## What you have to do
The reply should hold every line of the listing exactly, and none of its images.

## Collected data
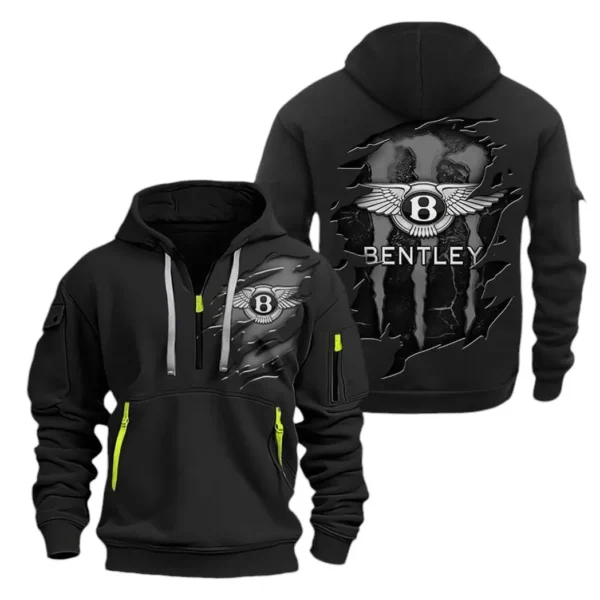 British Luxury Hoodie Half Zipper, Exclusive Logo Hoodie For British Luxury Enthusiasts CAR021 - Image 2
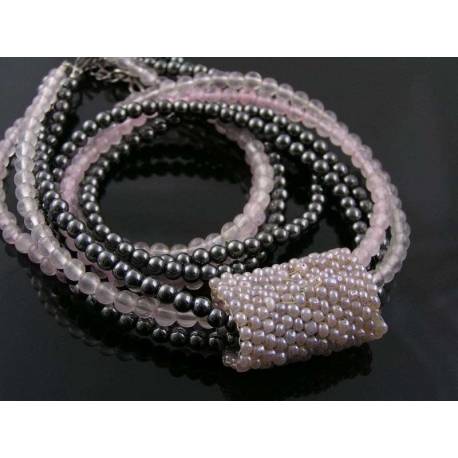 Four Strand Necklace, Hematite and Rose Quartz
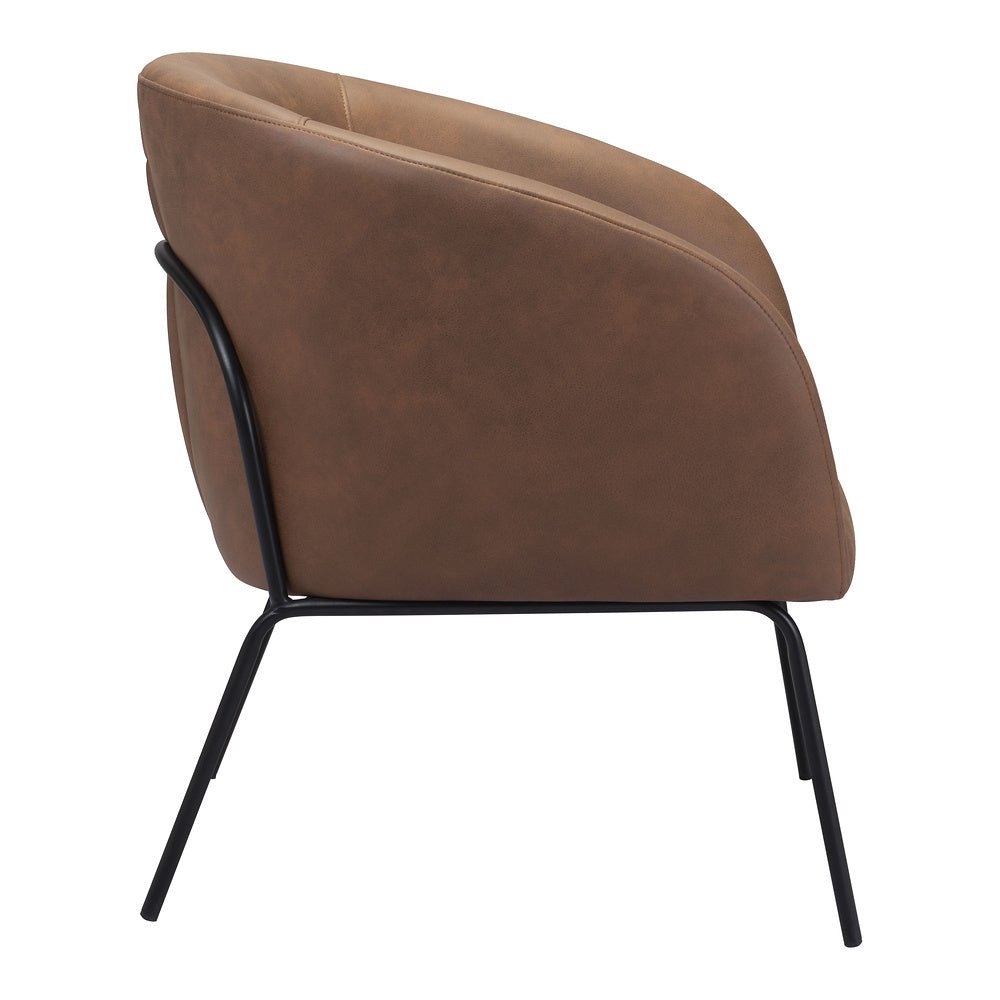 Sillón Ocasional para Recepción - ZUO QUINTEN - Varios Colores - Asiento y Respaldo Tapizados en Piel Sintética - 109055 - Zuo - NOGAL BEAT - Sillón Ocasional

## Solved exercise
 British Luxury Hoodie Half Zipper, Exclusive Logo Hoodie For British Luxury Enthusiasts CAR021 - Image 2
 Four Strand Necklace, Hematite and Rose Quartz
 Sillón Ocasional para Recepción - ZUO QUINTEN - Varios Colores - Asiento y Respaldo Tapizados en Piel Sintética - 109055 - Zuo - NOGAL BEAT - Sillón Ocasional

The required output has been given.